I take my drowsy baby Jonah to my room at 11:00 to feed him before bed.

By 11:15, he is totally zonked out. I kiss him, put him in his crib, and tiptoe into the kitchen, where I kiss my husband Donnie goodnight as he passes me on his way to bed.

All boys tucked in? Check! My time has arrived!

I switch out the laundry, get something to drink, and sit down to check email.

Twenty minutes pass. I hear a familiar little baby whine that quickly grows into “Waah…waaaaah….WAAAAH!”

Donnie goes in to the nursery to do his back-patting magic. It doesn’t work. He tries his cradle-hold and swaying magic. It isn’t so magical tonight. That means just one thing: Mama Time.

I lay down in our bed for Nursing Session 2. Soon, Jonah is out cold again. Donnie picks him up to carry him to bed, and says what no parent wants to hear at midnight.

“His diaper leaked.”

So we double-team and change him as quickly as we can, trying hard to adhere to the excellent advice we learned when our oldest was an infant: always keep nighttime different from daytime. Don’t interact with a baby any more than necessary when you’re trying to get him to sleep. Keep the lights dim, your voices low, and try not to speak unless you have to.

Jonah is wide-awake and works hard to lure us into playing with him. He grins, laughs, throws out some Mamas and Dadas. It is hard to keep a straight face.

At this point, the only thing that might work is for me to become the human pacifier again. So we lay down in my dark, quiet bedroom. He nurses, but by this point, the well is running a little dry. He fusses; I pass him off to dad. Jonah’s cries grow angrier, so I schlep off to the kitchen to make him a bottle.

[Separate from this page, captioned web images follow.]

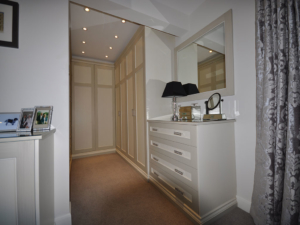 Custom Bedroom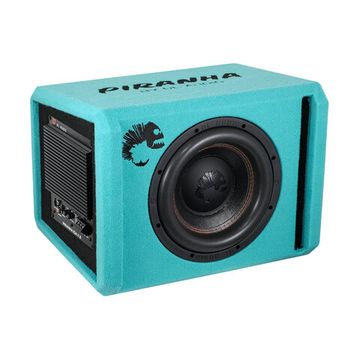 Сабвуфер DL Audio Piranha 10A Marine V2 активный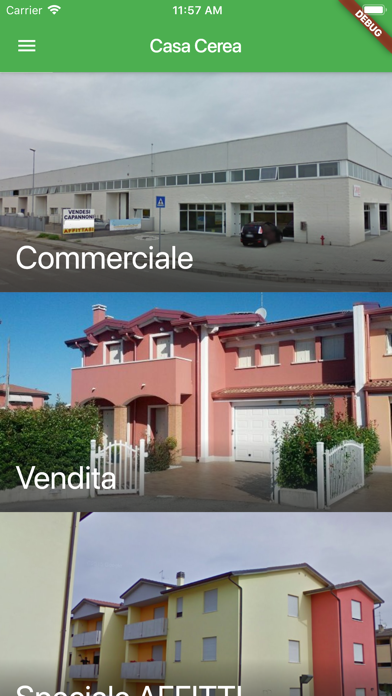 Screenshot #1 pour Casa Cerea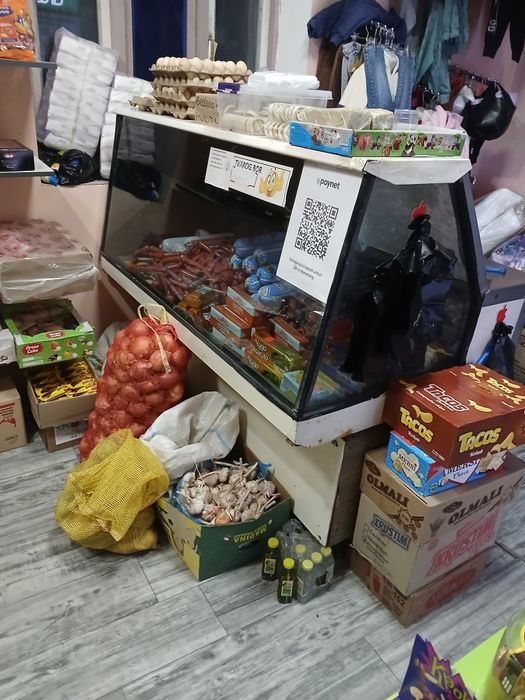 Kalbasalar uchun xaladelnik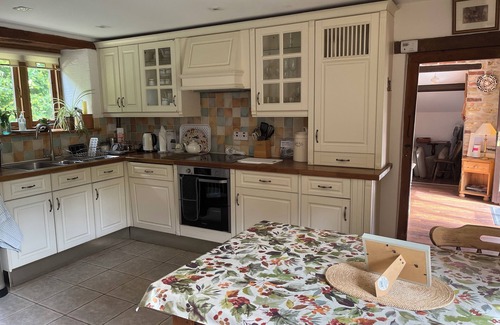 Littlebredy Cottage | Charming Cottage on Jurassic Coast with Ocean Views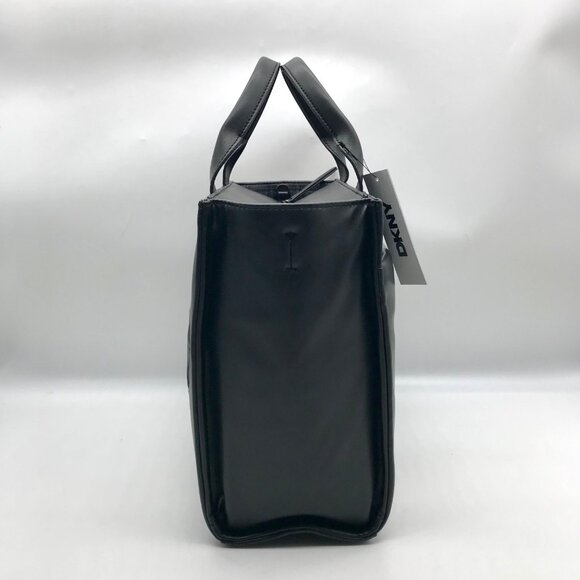 DKNY Black Hadlee Convertible Tote Bag - Picture 3 of 11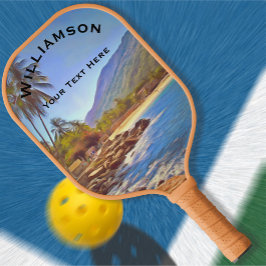 イェラパビーチ761 ピックルボールラケット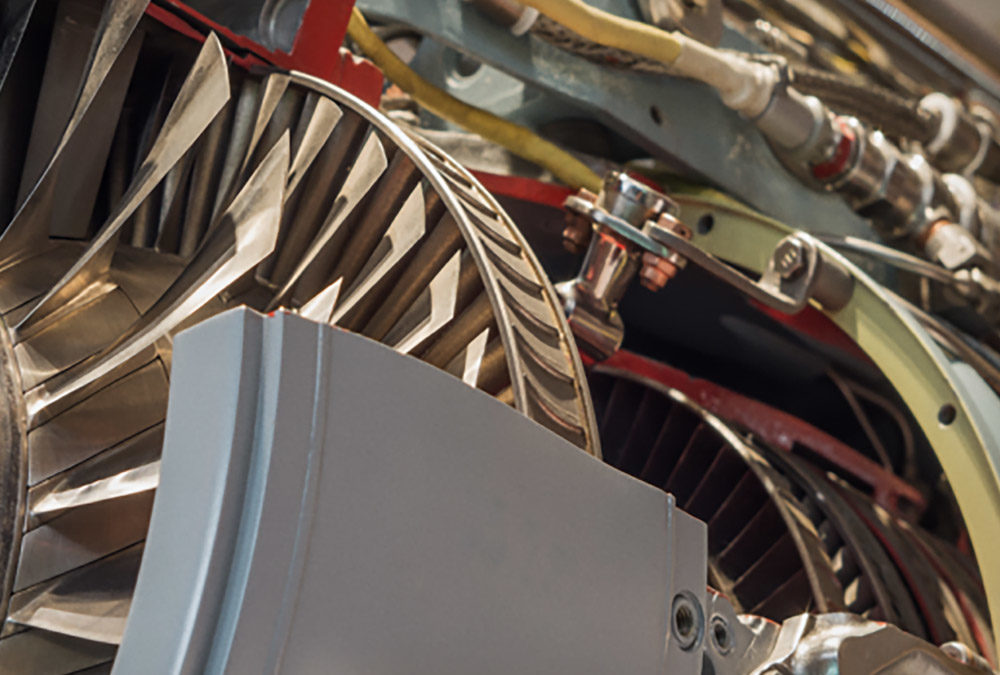 Ultrasonic Cleaning for the Aerospace Industry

Four ounces of warm formula later, his heavy eyelids close. He sighs and I feel him start to relax in my arms.

Then my nose begins to tickle.

“No! Not a sneeze! Not now!” I think as the tickle magnifies and Jonah goes totally limp in my arms.

I reach up to pinch my nose, but I’m a second too late. “Ah—CHOO!!!”

Dozing Donnie bolts upright and exclaims, “What was that?” And Jonah sits up, too.

“I sneezed.” I can’t help giggling.

“Oh. I thought something crashed into the house,” Donnie mumbles as he falls back onto his pillow.

I lay down with a wide-awake again Jonah, his Royal Cuteness tucked between me and his drowsy father. It is so dark in our room, lit only by the faintest golden glow from the bathroom nightlight. Jonah’s pale face reflects the glow like a tiny, perfect moon, and his eyes are wide, black circles staring up at me, trying to engage me again. I can’t help but smile, and he starts chatting.

He sounds like the little night owl he is, his voice echoing loudly through the still house.

“Hoo. OOOH. Oooh. HOO. Oooooooooooooooh.”

That gets no reaction, so he flops over onto his back and switches it up.

“Da. Dada. DaaaaDAH! DUH-dah. DehDehDehDeh….DAD.”

I’m stifling giggles and wondering how Donnie is sleeping through this.

Then Jonah runs through it all again at a whisper. “Daah…dah dah…duh-da. Dada.”

His chit-chat goes on and on, and I am pretty firmly convinced that the child is just not going to sleep tonight.

“Hoooo Dat! Oh HOO Dat!” He is hollering like the world’s littlest New Orleans Saints Fan.

I manage to swallow my laughter and lay still and quiet. I recall reading that a sleeping infant will match his breathing to his mother’s. So I start breathing heavily, rhythmically, as though asleep. I don’t know if that works, or if Jonah’s just run out of things to say, but I can see the little black circles of his eyes melt into crescents as his blinks become longer…and longer.

Carried off to his crib, he doesn’t make a peep.

Finally, he sleeps.

Until 3:45, when he ralphs on my shoulder, and we start it all over again.